Diesen »sächsischen Ratschlag« machten nach längeren Verhandlungen die andern evangelischen Stände zu ihrem Kollektivbekenntnis. Ihre Unterschrift gaben außer dem Kurfürsten Markgraf Georg von Ansbach, Herzog Ernst von Braunschweig-Lüneburg, Landgraf Philipp von Hessen, Fürst Wolfgang von Anhalt (das lateinische Exemplar wurde wohl auch vom Kurprinzen Johann Friedrich und Herzog Franz von Braunschweig-Lüneburg unterschrieben), sowie die Städte Nürnberg und Reutlingen, zu denen im Verlauf des Reichstags Weißenburg (in Franken), Heilbronn, Kempten und Windsheim hinzutraten. Die vier oberdeutschen Städte Straßburg, Konstanz, Memmingen und Lindau verweigerten wegen der in der Augsburgischen Konfession enthaltenen lutherischen Abendmahlslehre ihre Unterschrift und ließen durch die Straßburger Theologen Bucer und Capito eine aus 23 Artikeln bestehende, in der Polemik gegen römische Lehre und Praxis schärfere, das Schriftprinzip stärker betonende Bekenntnisschrift (sogen. Confessio Tetrapolitana, Vierstädtebekenntnis) ausarbeiten. Am Nachmittag des 25. Juni 1530 wurde im Saale des Bischofshofes der deutsche Text der Augsburgischen Konfession vor dem Kaiser durch den sächsischen Kanzler Beier verlesen. Das deutsche und das lateinische Exemplar wurden dem Kaiser übergeben. Das lateinische ist später erst nach Brüssel, dann nach Spanien gewandert und dort vernichtet worden; das deutsche kam in das Mainzer Archiv und ist verschollen. Die Tetrapolitana kam nur im Ausschuß der katholischen Fürsten zur Verlesung.

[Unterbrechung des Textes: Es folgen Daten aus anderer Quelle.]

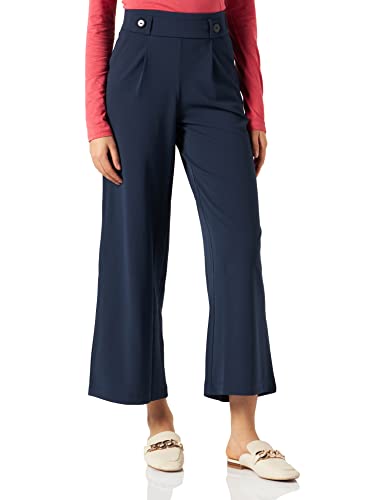 JACQUELINE DE YONG spodnie damskie szerokie, Black Iris/Szczegóły: czarne guziki, (XS) W / 32L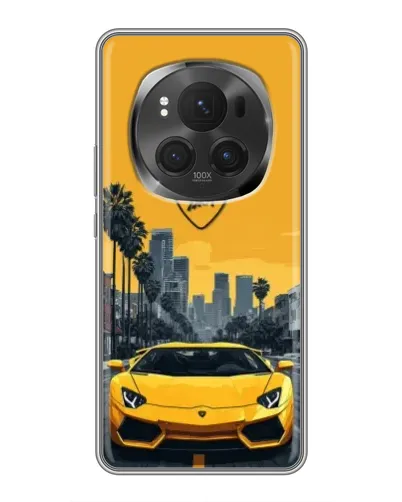 Чехол для Huawei Honor Magic 6 Pro с картинкой «Желтый Lamborghini город» Чехол для Huawei Honor Magic 6 Pro с картинкой «Желтый Lamborghini город»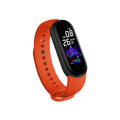 M5 smart bracelet in black showing heart rate monitor display on wrist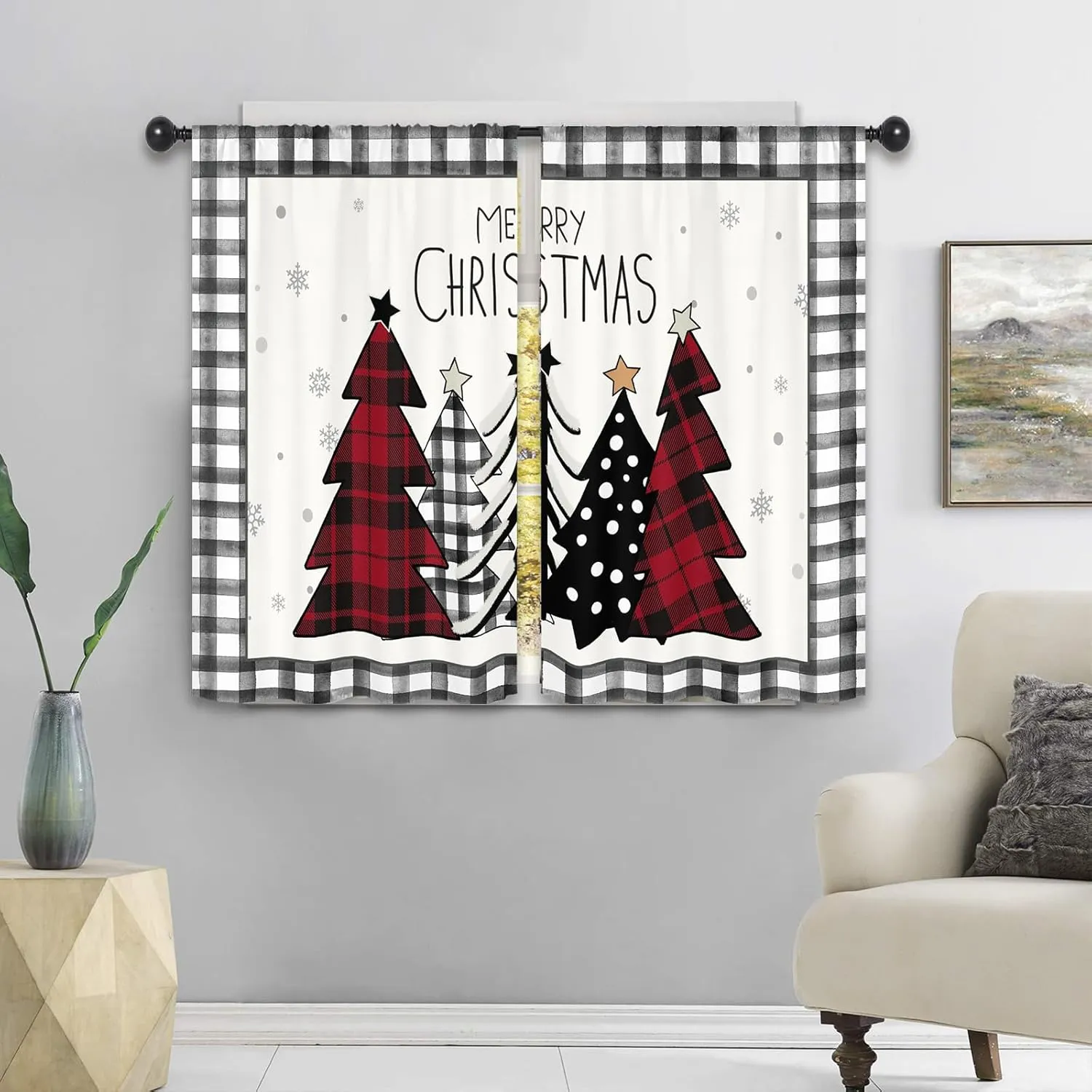 Christmas Tree Winter Kitchen Curtains 27.5W x 39L Inch Xmas Pine Farmhouse Rustic Plaid Black White Red Holiday Rod Pocket Short Small Window Treatment Drapes Decor 2 Panels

Auf den Rat der katholischen Stände hatte der Kaiser inzwischen eine Anzahl katholischer Theologen, darunter Eck, Faber, Cochläus und Wimpina, mit einer Widerlegung der Konfession beauftragt. Die ihm 12. Juli lateinisch und deutsch eingereichte Arbeit (sogen. Confutatio) war so schroff gehalten, daß sie das Bestreben, die Protestierenden in möglichst milder Form der Kirche wieder zuzuführen, nur geschädigt haben würde. Vielfach umgestaltet und immer wieder gemildert gelangte sie 3. Aug. zur öffentlichen Verlesung, wurde aber den evangelischen Ständen nicht ausgehändigt. Als Antwort auf die Konfutation verfaßte Melanchthon die unter dem Namen der Apologie der Augsburgischen Konfession (s. d.) bekannte Rechtfertigungsschrift. Auch dem Vierstädtebekenntnis setzten die katholischen Theologen auf Befehl des Kaisers eine Konfutation entgegen, die erst 25. Okt. zur Verlesung kam.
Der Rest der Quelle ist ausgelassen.